Introduction/objectives Pulmonary emboli (PE) secondary to deep venous thromboses (DVT) are the immediate cause of 10% of hospital deaths. Elevated basal plasma coagulation factor (F) VIII levels, now known to be synthesised by the pulmonary endothelium,1 are the strongest predictor of recurrent PE/DVT, and also associated with elevated pulmonary artery pressure (PAP). The reasons for these associations are unknown. The study objectives were to determine whether novel patient-specific factors were associated with FVIII levels; PE/DVT; and/or PAP.

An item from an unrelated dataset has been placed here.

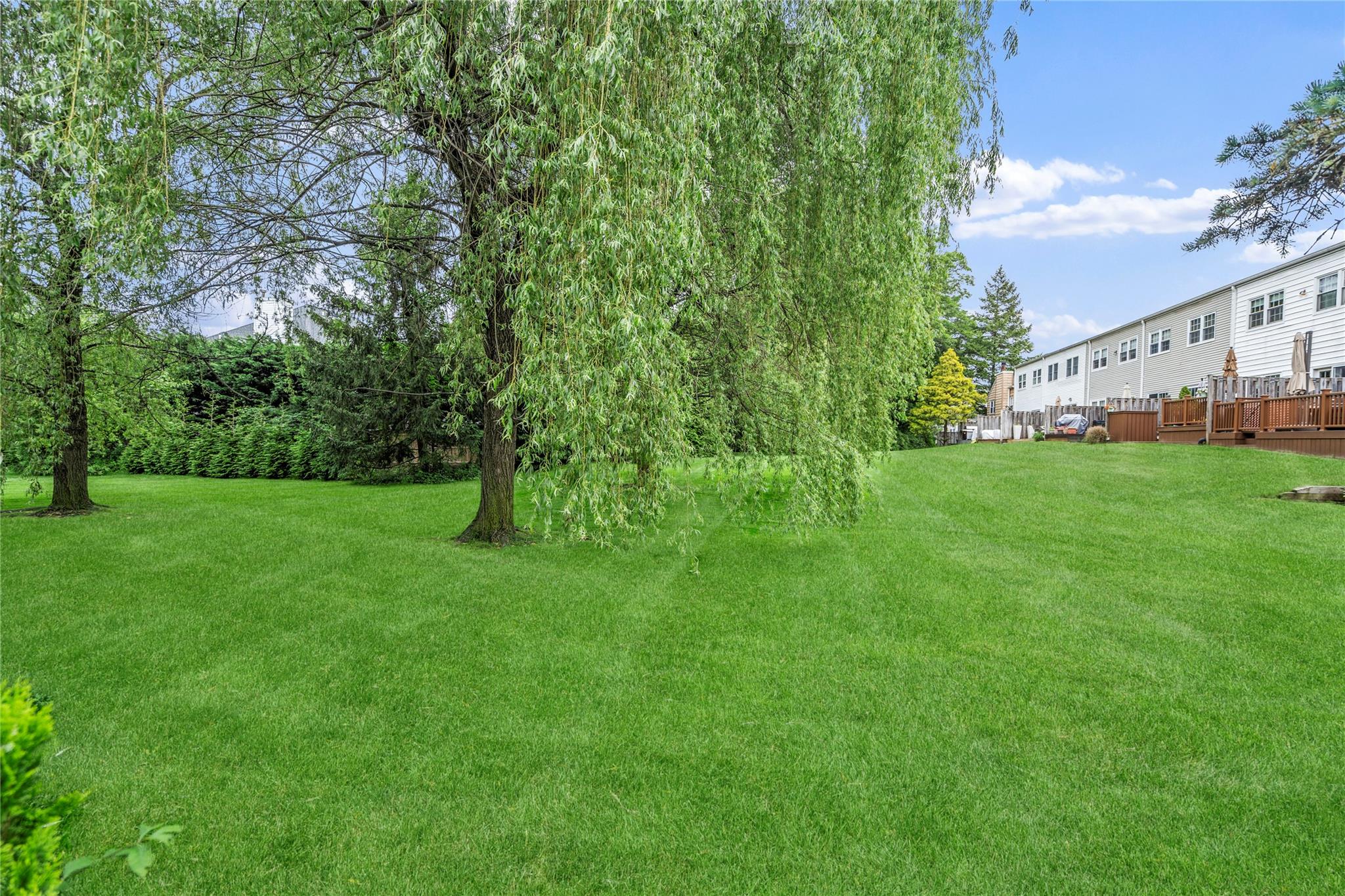 38 The Mews, Syosset, New York image 31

Methods Previous studies from our group have presented data on the 1999–2005 hereditary haemorrhagic telangiectasia (HHT) cohort of patients. In the current study, a replicate data series was generated from individuals seen between 2006 and 2010, and analysed independently to the first. Basal plasma FVIII measurements taken at least 4 months from any thrombotic event/intercurrent illness; and 32 patient-specific variables from 221 individuals, including catheter-measured PAP and verified DVT/PE, were entered into an Excel chart. Following verification, data were analysed using STATA v11c (Statacorp LP) software. Univariate analyses identified potentially associated variables, which were analysed using stepwise multiple regression analyses, to generate best-fit models.
Results For FVIII, the most significant independent variables were identified as fibrinogen, age, and iron replacement therapy (IRT) (model: 4df; p<0.0001; r2 0.2014). Fibrinogen showed the most significant association with FVIII (OR 0.193, p<0.001). FVIII showed further associations with age (OR 0.006, p=0.028) and IRT (OR 0.162; p=0.075). PE/DVT was associated with IRT (OR 1.416, p=0.028). Mean PAP was associated with age (OR 0.079, p=0.007) and FVIII (OR 1.449, p=0.009). Iron deficiency did not emerge as significant in any model. SIREs software predicted specific iron response elements (IREs) in FVIII mRNA splice-variants, including one in the 5′UTR of splice-variant 2.1
Conclusions This study suggests that basal plasma FVIII levels, and associated clinical endpoints of PE/DVT and PAP, may be influenced by iron replacement therapy, possibly by modulating expression of specific splice-variants of the F8 gene. This study therefore suggests that iron replacement may increase thrombotic risk, with significant potential clinical implications for millions of people who take iron tablets.